Projeto aumenta requisitos para destombamento de patrimônio cultural
Deputado propõe novas regras para o cancelamento de tombamento de bens culturais no Brasil.
O deputado Luiz Philippe de Orleans e Bragança (PL-SP) apresentou um projeto de lei que estabelece novas exigências para o cancelamento do tombamento de bens culturais no âmbito federal. A proposta visa assegurar que a retirada da proteção de patrimônio cultural da União só ocorra com autorização do Congresso, especialmente quando houver intenção de transferir esses bens para o exterior.
Atualmente, o processo de destombamento é uma prerrogativa exclusiva do presidente da República. Com a nova proposta, esse procedimento deverá seguir um processo administrativo específico, que exigirá a demonstração de um interesse público relevante que tenha surgido após a proteção do bem.
A proposta surge em um contexto de disputas diplomáticas, como a reivindicação do Paraguai pela devolução de um canhão tomado pelo Brasil durante a Guerra do Paraguai. Essa situação destaca a importância de se estabelecer critérios rigorosos para a destinação de bens culturais.
Critérios de destombamento
O projeto requer que a análise do destombamento inclua manifestações do Instituto do Patrimônio Histórico e Artístico Nacional (Iphan) e do Conselho Consultivo do Patrimônio Cultural. Também será necessário avaliar os impactos sobre a preservação do bem e considerar alternativas menos prejudiciais. Além disso, todos os documentos e pareceres gerados durante o processo deverão ser divulgados.
Outra inovação da proposta é a possibilidade de realização de consultas públicas antes da decisão, permitindo a participação de especialistas, instituições de pesquisa, entidades de preservação e outros interessados, dependendo da relevância do bem em questão.
Restrições
Enquanto o processo de destombamento não for concluído, ficam proibidos atos que possam gerar efeitos irreversíveis, como a transferência definitiva do domínio ou a retirada permanente do bem do país. No entanto, saídas temporárias para intercâmbio cultural, exposições, pesquisas, conservação ou restauração continuam permitidas.
Para bens da União, a autorização do Congresso será obrigatória se o destombamento permitir alienação, doação, restituição ou transferência para o exterior, assim como a saída permanente do território nacional. Essa autorização deverá ser concedida por meio de uma lei específica que identifique o patrimônio envolvido.

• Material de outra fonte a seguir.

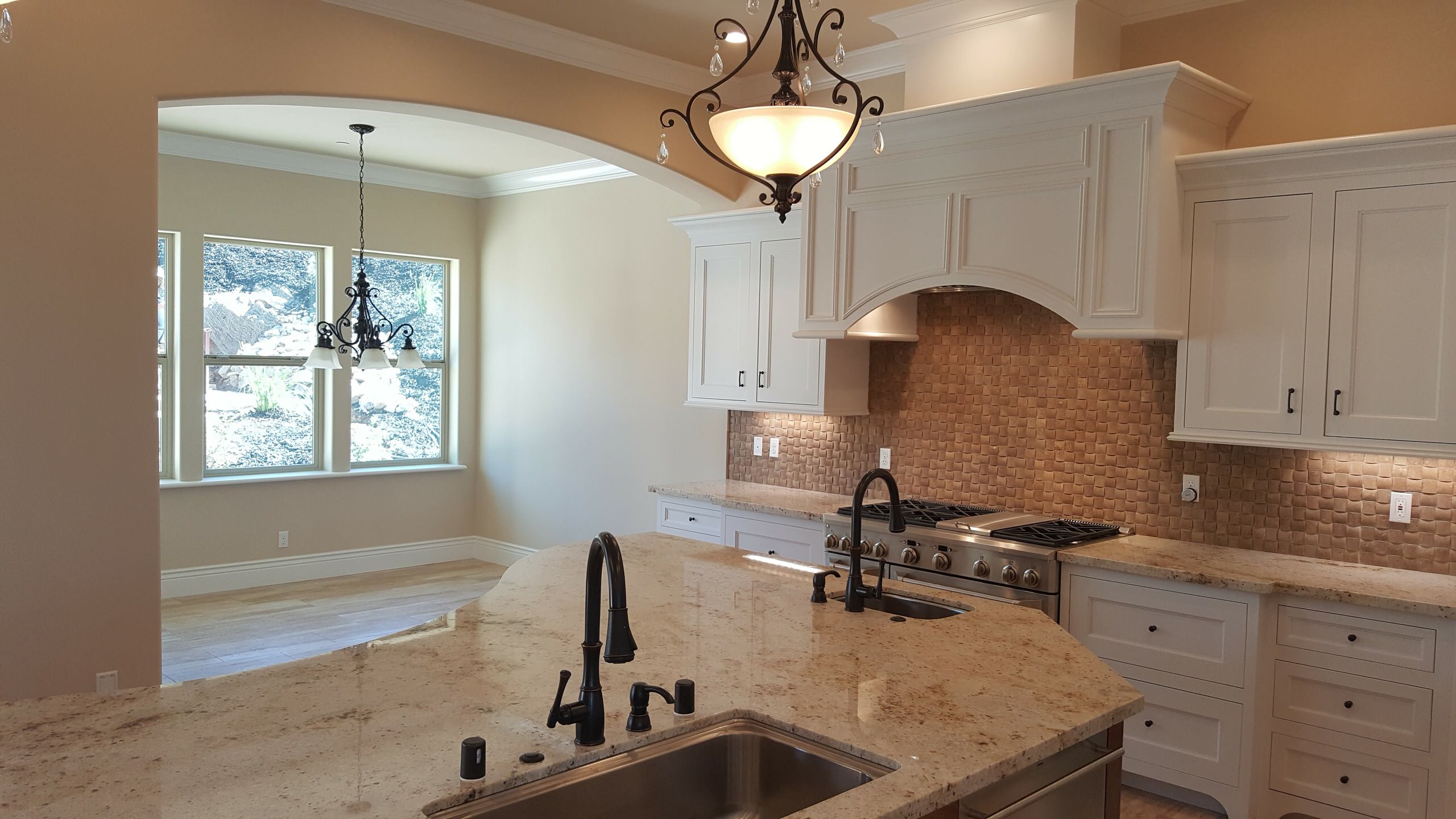 Kitchen sink and cooking area with pale cabinets and a stone backsplash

O Executivo só poderá solicitar essa autorização após a conclusão do processo administrativo, apresentando ao Legislativo toda a documentação necessária, incluindo justificativas de interesse público e os impactos históricos e culturais da transferência.

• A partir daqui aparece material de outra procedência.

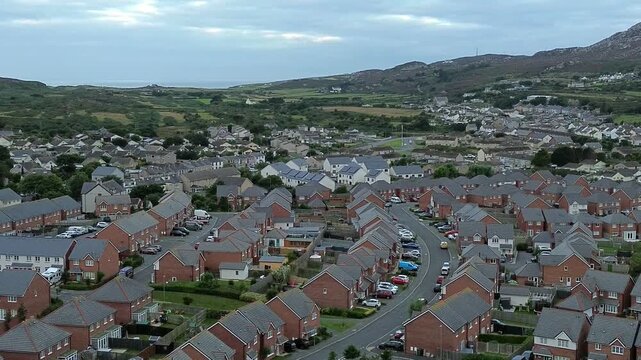 North Wales red brick modern housing neighbourhood under Holyhead mountain aerial view moving right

Em negociações com Estados estrangeiros, também será necessário informar sobre eventuais contrapartidas ou justificar a ausência delas.
Argumentos do autor
Na justificativa do projeto, Orleans e Bragança argumenta que as regras atuais não atendem ao interesse público, pois carecem de um procedimento específico que inclua controles técnicos, participação social e fiscalização legislativa. O deputado defende que a natureza do patrimônio protegido exige que decisões sobre o seu cancelamento sejam tratadas com critérios objetivos e transparência.
O parlamentar menciona a discussão recente sobre a possível transferência do canhão El Cristiano, que faz parte do acervo tombado do Museu Histórico Nacional, como um exemplo da necessidade de estabelecer procedimentos claros para a destinação de bens culturais.
O canhão foi capturado pelo Exército Brasileiro em 1870, durante a Guerra do Paraguai, e desde então o governo paraguaio reivindica sua devolução. Orleans e Bragança enfatiza que a diferença entre a duração dos governos e a permanência do patrimônio histórico justifica a necessidade de apoio para a aprovação do projeto.